CHAPTER III: THE FIRST YEAR OF OCCUPATION
Fraser had formed up his troopers when recall orders reached him. Joyous that the situation entitled him to disobey them, he gave instead the word to charge. As the Afghans came down at no great pace, they fired occasionally; either because of the bullets, or because of an access of pusillanimity, Fraser's troopers broke and fled ignominiously. The British gentlemen charged home unsupported. Broadfoot, Crispin and Lord were slain; Ponsonby, severely wounded and his reins cut, was carried out of the melee by his charger; Fraser, covered with blood and wounds, broke through his assailants, and brought to Sale his report of the disgrace of his troopers. After a sharp pursuit of the poltroons, the Dost and his followers leisurely quitted the field.

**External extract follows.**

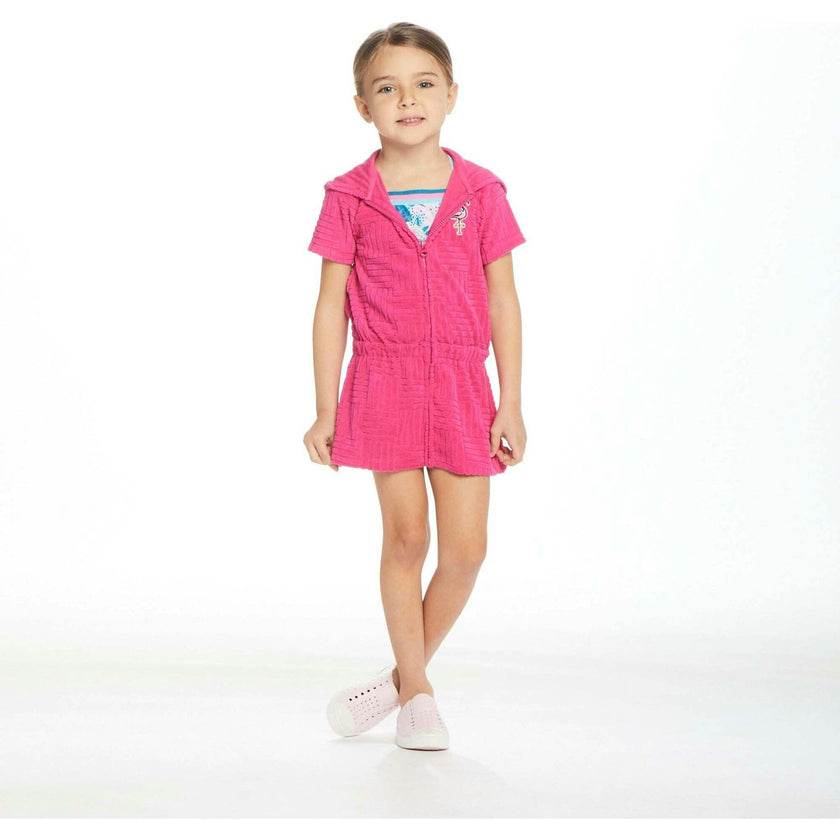 Hooded Cover-Up Dress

Burnes wrote to the Envoy - he was a soldier, but he was also a 'political,' and political employ seemed often in Afghanistan to deteriorate the attribute of soldierhood - that there was no alternative for the force but to fall back on Cabul, and entreated Macnaghten to order immediate concentration of all the troops. This letter Macnaghten received the day after the disaster in the Kohistan, when he was taking his afternoon ride in the Cabul plain. His heart must have been very heavy as he rode, when suddenly a horseman galloped up to him and announced that the Ameer was approaching. 'What Ameer?' asked Macnaghten. 'Dost Mahomed Khan,' was the reply, and sure enough there was the Dost close at hand. Dismounting, this Afghan prince and gentleman saluted the Envoy, and offered him his sword, which Macnaghten declined to take. Dost and Envoy rode into Cabul together, and such was the impression the former made on the latter that Macnaghten, who a month before had permitted himself to think of putting a price on 'the fellow's' head, begged now of the Governor-General 'that the Dost be treated more handsomely than was Shah Soojah, who had no claim on us.' And then followed a strange confession for the man to make who made the tripartite treaty, and approved the Simla manifesto: 'We had no hand in depriving the Shah of his kingdom, whereas we ejected the Dost, who never offended us, in support of our policy, of which he was the victim.'
Durand regards Dost Mahomed's surrender as 'evincing a strange pusillanimity.' This opprobrious judgment appears unjustified. No doubt he was weary of the fugitive life he had been leading, but to pronounce him afraid that the Kohistanees or any other Afghans would betray him is to ignore the fact that he had been for months among people who might, any hour of any day, have betrayed him if they had chosen. Nobler motives than those ascribed to him by Durand may be supposed to have actuated a man of his simple and lofty nature. He had given the arbitrament of war a trial, and had realised that in that way he could make no head against us. He might, indeed, have continued the futile struggle, but he was the sort of man to recognise the selfishness of that persistency which would involve ruin and death to the devoted people who would not desert his cause while he claimed to have a cause. When historians write of Afghan treachery and guile, it seems to have escaped their perception that Afghan treachery was but a phase of Afghan patriotism, of an unscrupulous character, doubtless, according to our notions, but nevertheless practical in its methods, and not wholly unsuccessful in its results. It may have been a higher and purer patriotism that moved Dost Mahomed to cease, by his surrender, from being an obstacle to the tranquillisation of the country of which he had been the ruler.